The Ivar Jaccobson one (also used in the book Advanced Use Case Modeling) and the Alistair Cockburn approach --
http://alistair.cockburn.us -- (also described in Bernd Oestereichers Book OOSE Object Oriented Software Engineering).
Rule of thumb:
A Use Case has a textual description with branches (alternate pathes, error handling). Such a description can be transformed into an activity diagram.
A Scenario has a textual description as well, but without any branch conditions. It has associated sample data (use able to make a test case). The "way" through the Scenario is one possible path through the Use Case (so you define which path is choosen at every branch point by defining suitable data). A scenario is best described with a sequence diagram.
Note: I never use sequence diagrams with branches (which are possible according to UML).
Both diagram types can be used to discribe more than I proposed above and both can be used to describe simpler or different stuff.
I would also opt for a)

However I did not understand the <<include>> remark.
Well ... the standard dependencies <<include>> and <<extend>> are defined different everywhere anyway ... <<extend>> e.g. has a complete different meaning depending wether you use Ivar Jaccobsons or Alistair Cockburns method to describe use cases.

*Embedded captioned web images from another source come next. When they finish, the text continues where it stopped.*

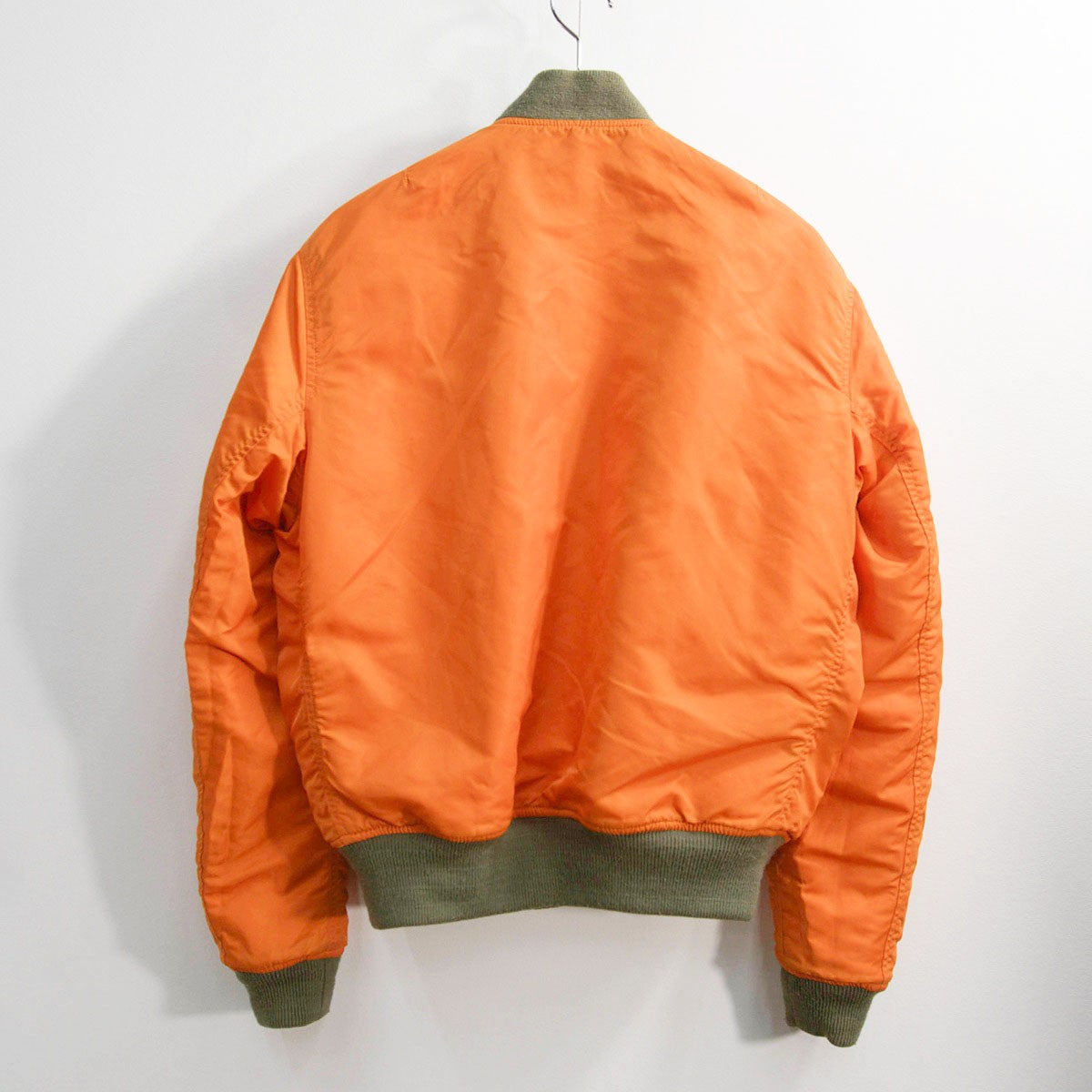 POLO RALPH LAUREN MA-1 Reversible Bomber Jacket Size S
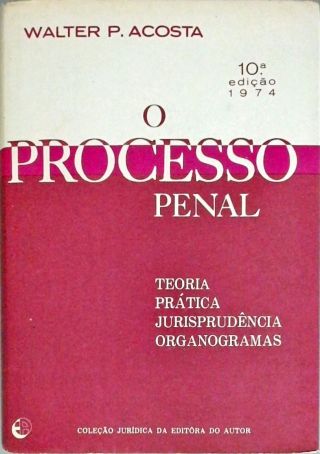 O Processo Penal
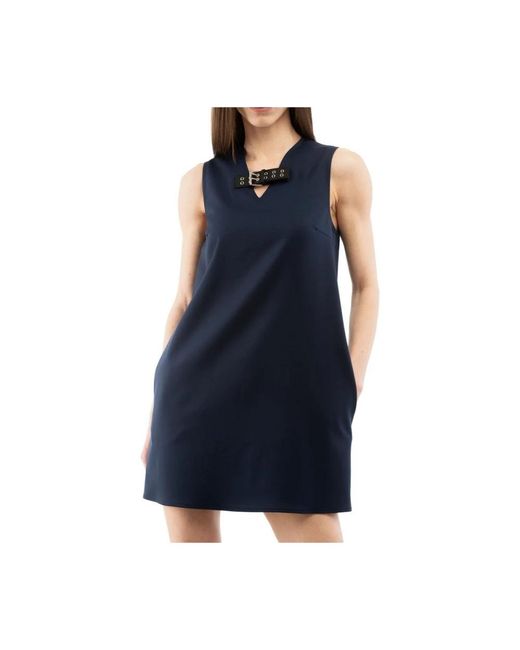 Moschino Jurken in het Black
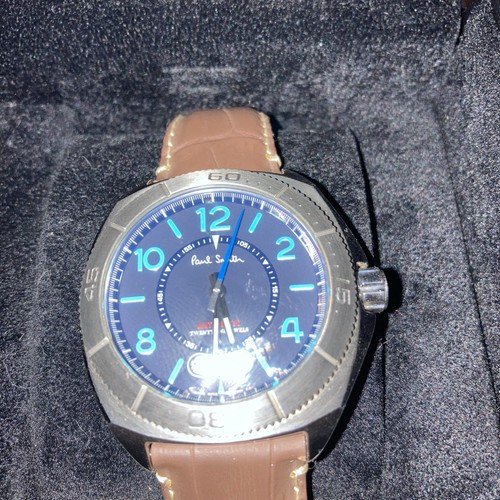 Paul smith stainless steel - paul,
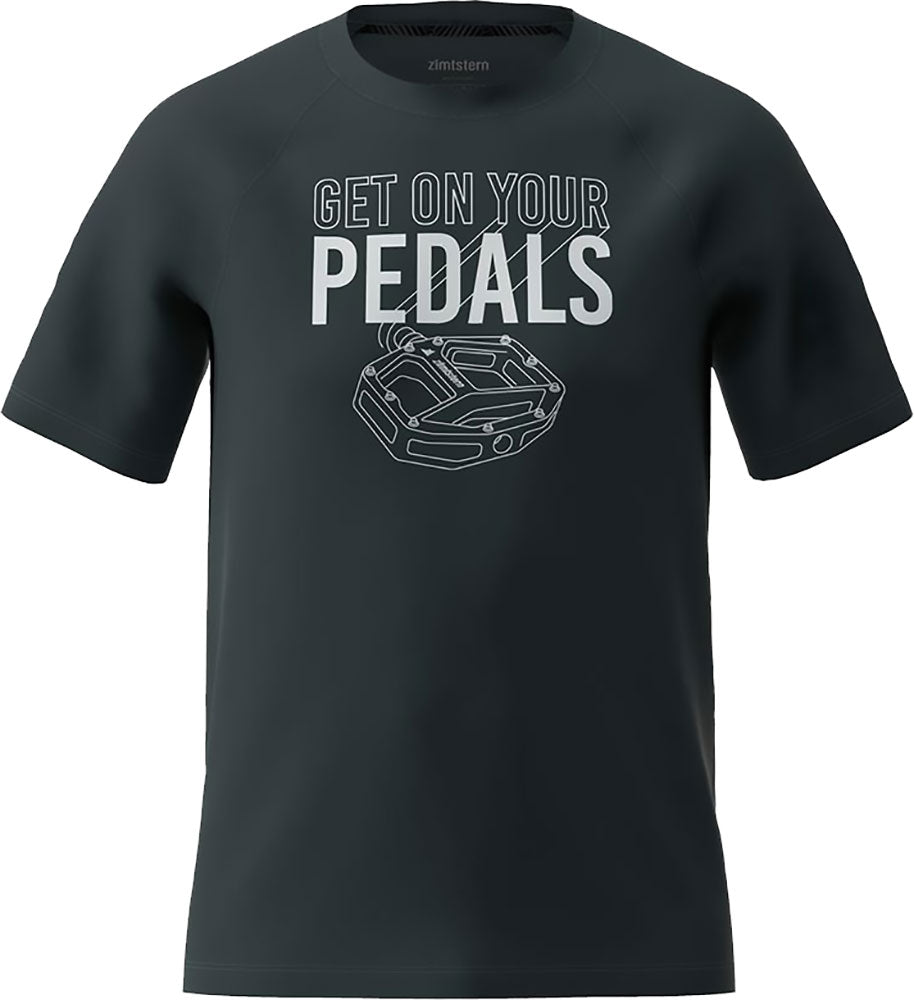 Zimtstern Pedalz - T-Shirt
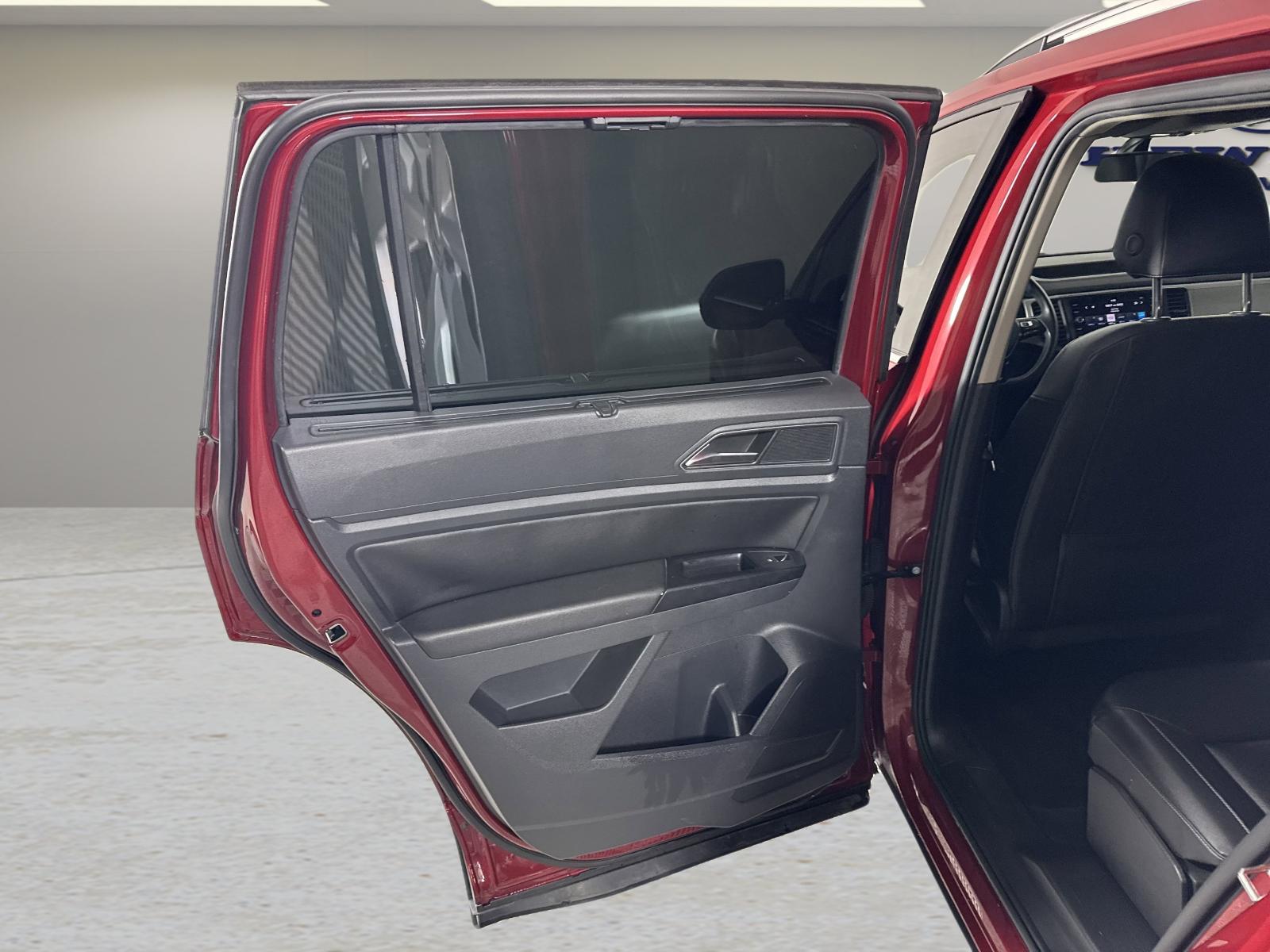 2019 Volkswagen Atlas Vehicle Photo in Georgetown, TX 78626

So for <<include>> I can only say: the usecase which is included usually can not stand for it self. Include in terms of use case modeling is analogous to calling a function/method in terms of programming. While a function can stand alone ... it simply serves no purpose alone. A use case which is ment to be included often usually has no human actor associated, but only device actors. That means, it is never used individually as stand alone use case.
Example: famous ATM machine. Use Case might be: "withdraw money", "check account balance", "wire transfer money" and in USA: "deposite money". All can be triggered by the user/customer. So ... no "identify" use case so far. But all or one of the use cases likely has a <<include>> relation to "identify customer".
Rule of thumb: only "extract" use cases for later <<include>> reference which you plan to reference often and unchanged.
In short Use Case modeling is synthesis, not analysisHe he, I think that confuses the novice reader. But from a philosophical standpoint its right. You can "design/synthesize" with use cases as good as with classes. Every single method in classes can be split into more fine grained methods. The fine grained methods can be moved to (and delegated to) aggregated classes (<<included>> use cases) or to super or sub clases ((extensionpoint foo) and <<extend>>)
Anyway, what ever you want to do: keep the sequence diagrams aas simple as possible. It does not matter if you find 5 use cases with 6 scenarios each or wether you find 6 use cases with 5 scenarios each. The worst case is: you find X use cases with *one* scenario each!! But if your analysis is correct: all scenarios together show all ways to use your final system.
The art is t find a minimum set of usse cases with a suitable way to describe them and easy scenarios. Because then the implementation will be more easy.
Greetings,
angel'o'sphere
P.S.
TrtnJohn e.g. has his opinion because he (obviously to me) uses the Alistair Cockbun approach, sargasso likely as well. Their posts are fine nevertheless.